The improvement in models like 01 is expected to have a significant impact on various companies and ideas, with some benefiting greatly from the uplift, while others may not be as affected (31m56s).
The opposite kinds of ideas that may not benefit as much from 01 are not explicitly stated, but it is implied that companies and ideas that rely on complex, time-consuming, and expensive problems may be less affected by the model's improvements (32m5s).

The companies/ideas that should pivot because of o1 (32m6s)

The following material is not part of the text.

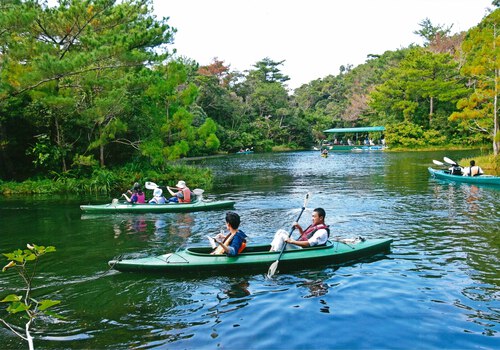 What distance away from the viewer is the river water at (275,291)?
5.52m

Companies building AI coding agents or AI program engineers may need to reassess their strategies due to the advancements in o1, which is outperforming in solving programming problems (32m31s).
The Chain of Thought infrastructure, which some teams have heavily invested in, may not be a significant leap forward with o1, as it is already directable (32m45s).
The opaque nature of the Chain of Thought and the difficulty in altering its path once it starts are current challenges for users and systems (33m2s).
New model capabilities can unlock new startup ideas, and the recent advancements in AI models have made phone calling-related startups successful (33m29s).
The o1 series of models may enable new startup ideas that can improve the physical world, particularly in fields like mechanical engineering, electrical engineering, chemical engineering, and bioengineering (33m54s).
These advancements could lead to real-world abundance and improvements in people's lives, rather than just minor conveniences (34m29s).
There may be a sense of urgency to develop and apply these technologies, as there is a fear of AI in society, and it is up to the developers to create positive change (34m38s).

Outro (34m44s)

The goal is for a technologist to help bring about an age of abundance sooner rather than later (34m46s).
Achieving this goal could lead to abundance winning out over fear (34m52s).
This concludes the current episode of "The Light Cone" with the next episode to follow (35m1s).